Dans le salon de son petit pavillon à Nantes, Pascal analyse les six derniers mois, revient sur tous ces jours où il a assisté, impuissant, à la radicalisation de sa fille. "On a vu que Julie partait à l'extrême. Elle a commencé par refuser de manger du porc, se souvient-il. Elle a aussi changé de tenue vestimentaire, elle ne porte désormais que des vêtements amples. On a retrouvé notre fille voilée sur le quai de la gare au mois de juin. Elle était prête à partir en direction de Paris".

"Oui, nos enfants sont islamistes !"

Lundi, Julie a donc une nouvelle fois fugué. Pourtant, Pascal avait prévenu les autorités. Sa fille disait vouloir rejoindre un homme en Algérie. "On a téléphoné à la cellule de radicalisation, assure-t-il. On nous a écoutés en nous disant que notre fille était bien dans la radicalisation mais qu'elle n'était pas dangereuse pour les autres. On nous a donc dit que personne ne ferait rien". C'est pourquoi Pascal estime que les autorités n’ont pas fait le nécessaire.
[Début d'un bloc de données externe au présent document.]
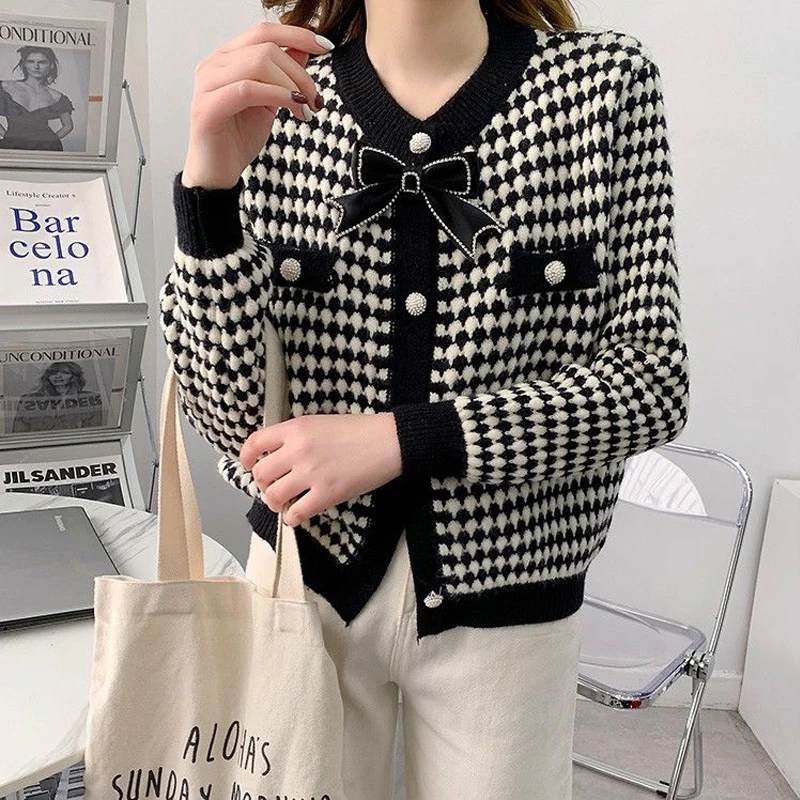 Women Trendy Houndstooth Bow Chic Sweet Outewear Button Knitted Cardigans Autumn Winter Casual O Neck Long Sleeve Sweater Coat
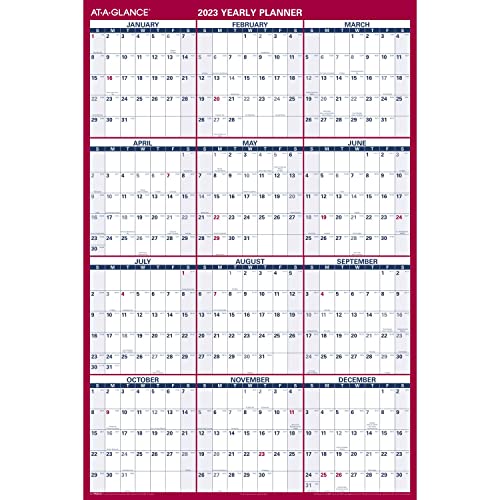 AT-A-GLANCE 2023 Erasable Calendar, Dry Erase Wall Planner, 48" x 32", Jumbo, Vertical/Horizontal, Reversible (PM32628)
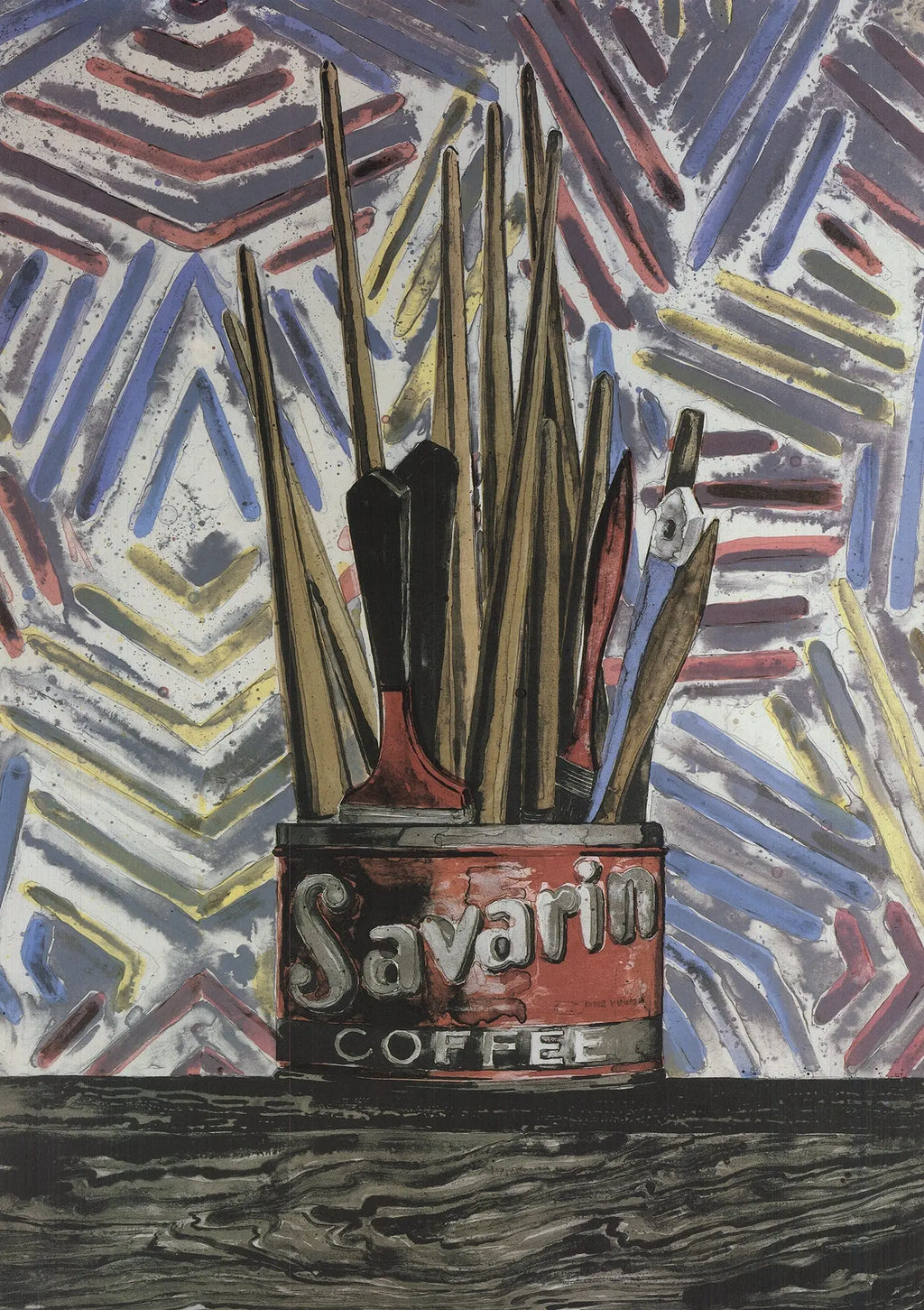 Jasper Johns Savarin Cans 1986 limited edition offset lithograph poster, featuring vibrant abstract artwork by Jasper Johns.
"Mon appel au secours n'a pas été écouté… Je leur ai dit que s'ils ne la bloquaient pas, que s'ils ne l'empêchaient pas de se sauver, elle allait partir. Une fois, deux fois, on la récupère. La troisième fois, on ne la récupèrera pas. Oui, nos enfants sont islamistes ! Arrêtons de faire la sourde oreille et de se cacher derrière des prospectus qui ne servent à rien." Julie venait de rentrer en classe de troisième. Depuis 72 heures, elle n’a donné aucun signe de vie à ses parents.

"Tout le monde souffre"

"On ne sait pas comment elle est habillée. On ne sait pas si elle est en bonne santé. On n'a pas d'informations de la police, ni de la gendarmerie, témoigne encore Pascal. On souffre. Son frère souffre. Ses grands-parents souffrent. Tout le monde souffre mais ça à l'air de ne blesser personne". Quentin, le grand frère de Julie, ne dort plus. Il redoute, à chaque seconde, que sa sœur, qu’il aime, passe à l’acte et devienne dangereuse pour la société.
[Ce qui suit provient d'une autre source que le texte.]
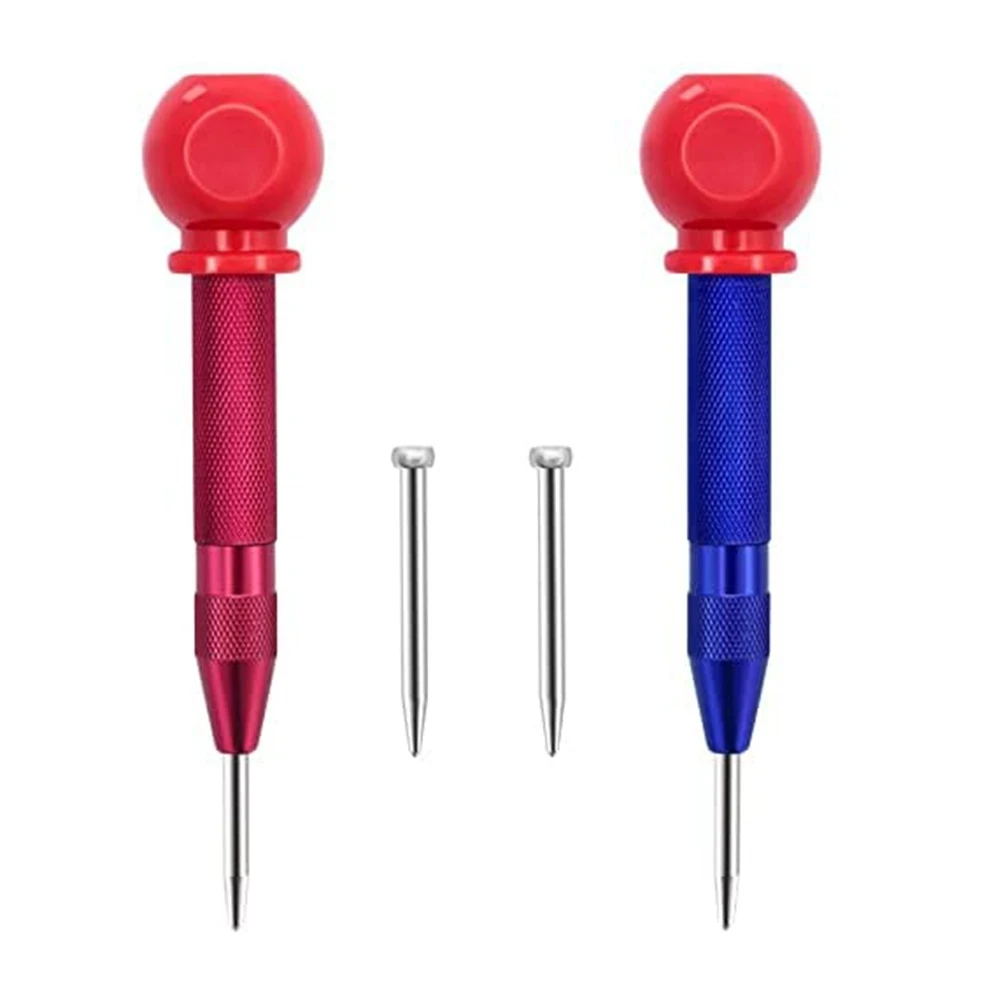 

Automatic Center Punch,2 Pack Center Hole Punch,Adjustable Spring Loaded Tension Punches Tool(with 2Pcs Alternate Head)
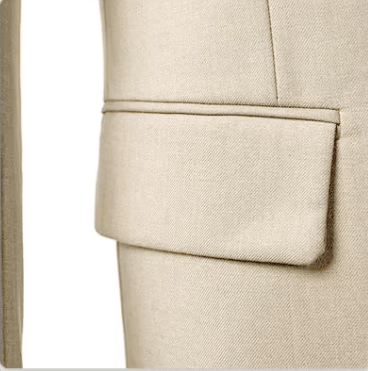 Eleganter Herren Anzug Beige 3-teiliges Set aus Polyester für Hochzeit & Business-4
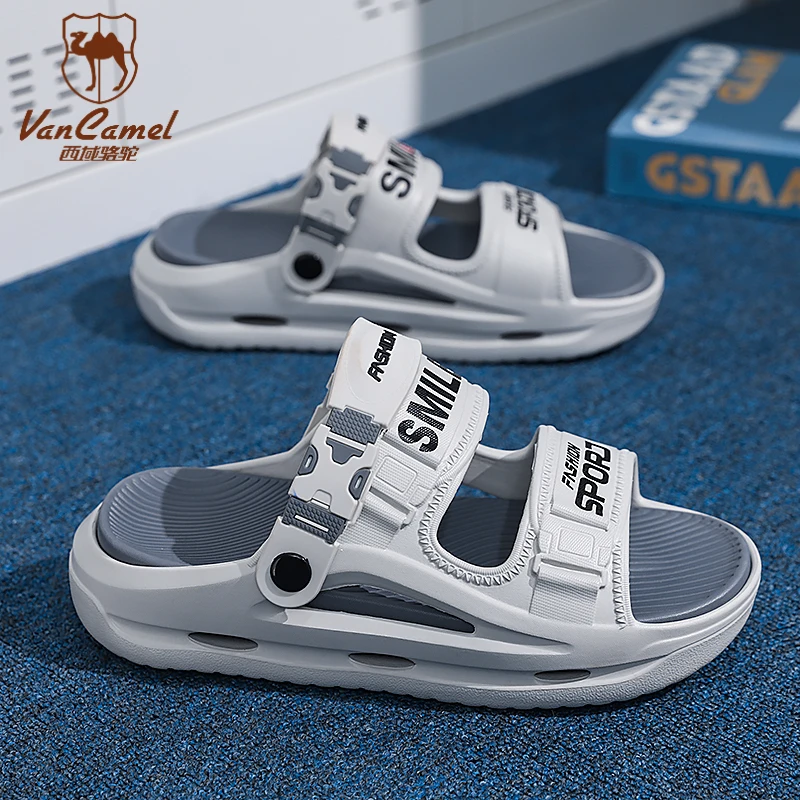 西域骆驼沙滩凉鞋男夏季外穿运动防滑防臭二合一男士两用开车拖鞋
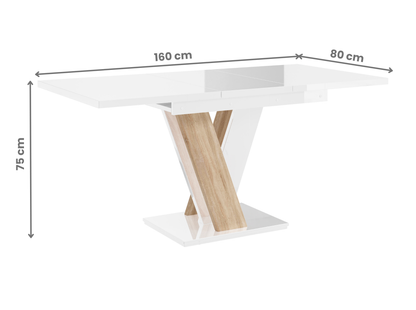 Contemporary MASIV white gloss dining table with oak detail and extendable top.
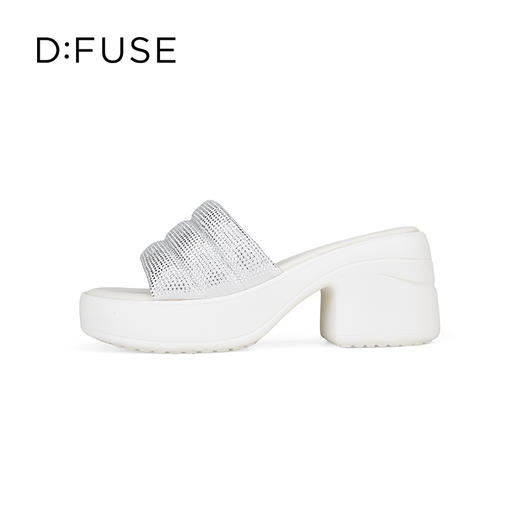 D:FUSE迪芙斯2024夏新款云感厚底膨胀感宽面烫钻凉拖鞋DF42110216 商品图4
"Ce n'est pas imaginable de se dire 'Demain, ma sœur va aller tuer du monde'. On ne peut pas penser ça… Mais on n'est complètement impuissant. Il n'y a rien à faire à part attendre, assure-t-il. Sauf que durant l'attente, elle, elle a le temps de se former, de prévoir des choses. On est à un stade où on ne sait pas ce qu'il se passe, ce qu'il advient de Julie".